ROMA - Addio RAI è quanto dice Adriano Celentano. "Per molto tempo ancora Non tornerò e neanche ad aprile 2005, fintanto che la Rai non mi riconoscerà la libertà di parola che ho sempre avuto", ha annunciato Celentano con un fax giunto da Milano.
«Non si può creare una zona franca per Celentano evitando qualsiasi controllo preventivo valido per tutti i programmì hanno dichiarato i vertici Rai i quali mi riconoscono "carta bianca" ma non abbastanza bianca per esimermi dall’informare la rete sui contenuti da mandare in onda». Comincia così la lettera che oggi Celentano ha inviato ai vertici Rai per comunicare la sua decisione. «Sarebbe come se Bruno Vespa - continua il Molleggiato - mi invitasse al suo programma per avere una mia opinione personale su come vanno le cose nel mondo, a patto però, che il mio pensiero lo sussurri prima in un orecchio ai dirigenti della Rai per avere il lasciapassare in video».

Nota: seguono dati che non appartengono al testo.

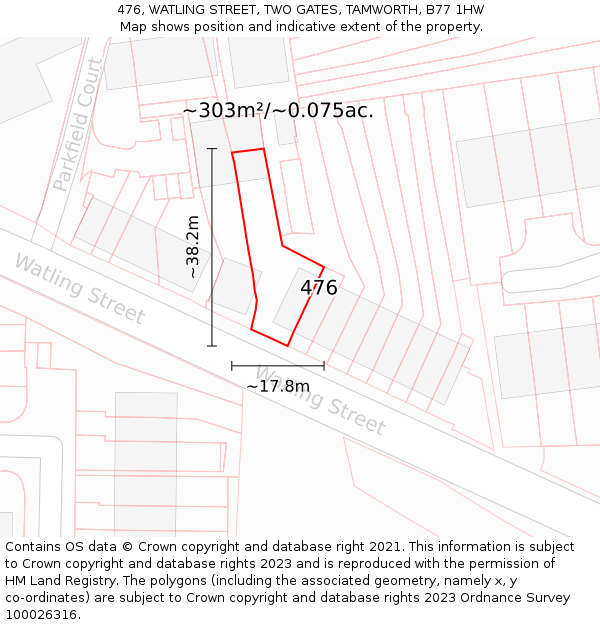 476, WATLING STREET, TWO GATES, TAMWORTH, B77 1HW: Plot and title map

E prosegue: «sono del parere che un'azienda abbia tutto il diritto di instaurare a proprio piacimento le regole che vuole e come vuole. Sempre però che questa azienda non abbia il delicato compito del "servizio pubblico".
Titolo questo, nel quale, oltre all’informazione rientra anche e soprattutto la facoltà di dare al pubblico la possibilità di valutare se le cose che escono dal piccolo schermo sono giuste o insensate.
Elemento essenziale per una democrazia che rischia di vacillare a causa di certe postille, dove dietro il "pieno rispetto delle leggi", così dichiara l’ottimista Del Noce, si nascondono invece "i regolamenti vigenti della Rai" che a dirlo sembra una parola sola ma in effetti questi regolamenti raggruppano più di 500 norme come Gorla ha ricordato in una lettera inviata ieri al Clan».